_What you are asked to do_:
Reproduce exactly the line with "ellevn- resort2014 metallic 03" and every line that follows it below, up to and including the last one. Do not include pictures or anything else.

_Dataset content_:
"""

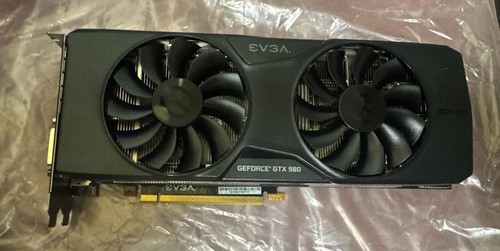 Scheda video evga geforce gtx - video,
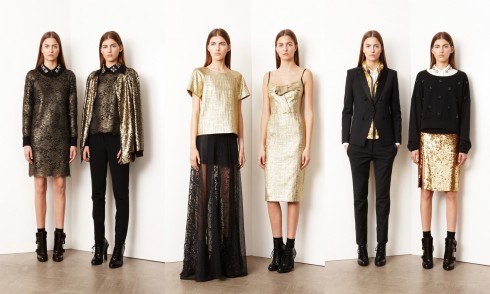 ellevn- resort2014 metallic 03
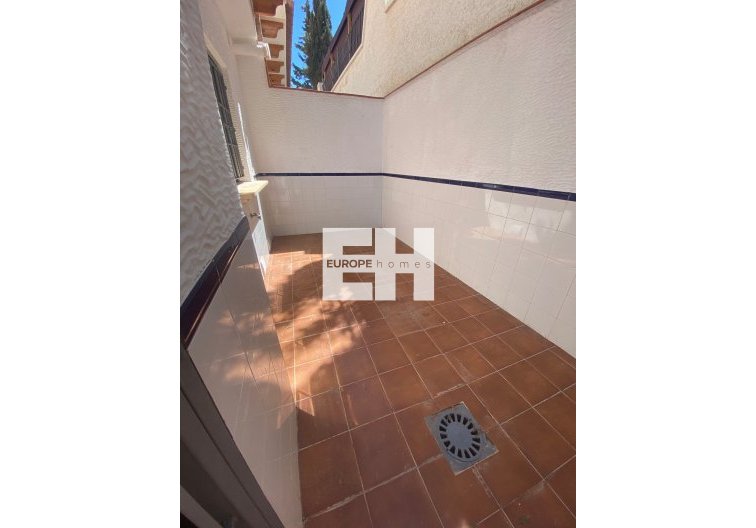 Segunda mano - town house - San Miguel de Salinas - Inland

"""

_Result_:
 ellevn- resort2014 metallic 03
 Segunda mano - town house - San Miguel de Salinas - Inland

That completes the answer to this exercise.